“Too expressive?” All APl variants I know are GC’s so what you wrote applies (th...

aw1621107 · on March 13, 2020

"Too expressive" is suboptimal wording on my part; the intent was to cover the criticism that Lisp is flexible enough that Lisp programs tend to evolve their own potentially programmer-specific DSLs for the given problem domain.

I guess a potentially more interesting question would be how I could identify workloads that APL-alikes would or would not work well for. In particular, are there resources where I can learn more about ways to translate problems to a format that lends themselves to APLization? One example is the substring search problem; I know about naive string search using loops, Bayer-Moore, etc., but I don't think I would have been able to come up with the APLish version of match-char-of-needle-in-haystack, rotate, and AND. Is this just something that gets picked up as one does more work with APL-alikes?

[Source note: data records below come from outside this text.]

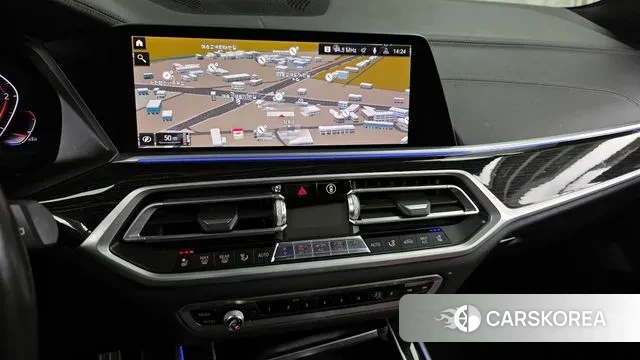 BMW X7 (G07) 2020 Серый из Кореи, фото 5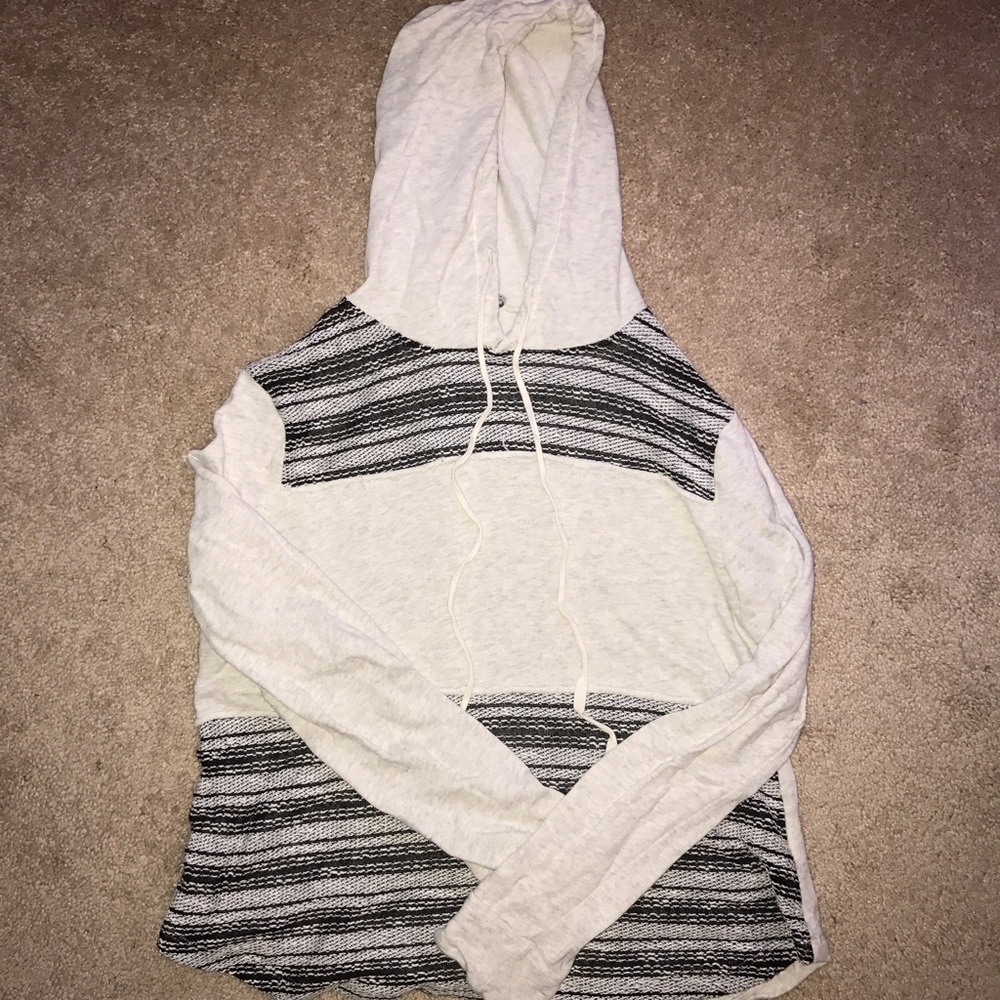 Pullover/hoodie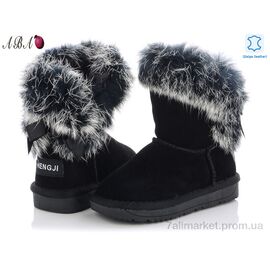 Уггі дитячі утеплені Зима 1ABA922 (6 пар р.26-31) "Aba" недорого оптом від прямого постачальника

beagle3 · on March 13, 2020

> Is this just something that gets picked up as one does more work with APL-alikes?

I suspect that it is, much like picking up SQLisms - there are many things you'd do in SQL[0], such as SELECT AVERAGE(x>3) FROM T instead of SELECT (SELECT COUNT() WHERE x>3 FROM T) / (SELECT COUNT() FROM T) FROM DUAL, the latter would be a result of translating Javaism to SQL (though, that is still more SQLish than iterating through a cursor, which would ACTUALLY be equivalent to doing it in Java with a for loop)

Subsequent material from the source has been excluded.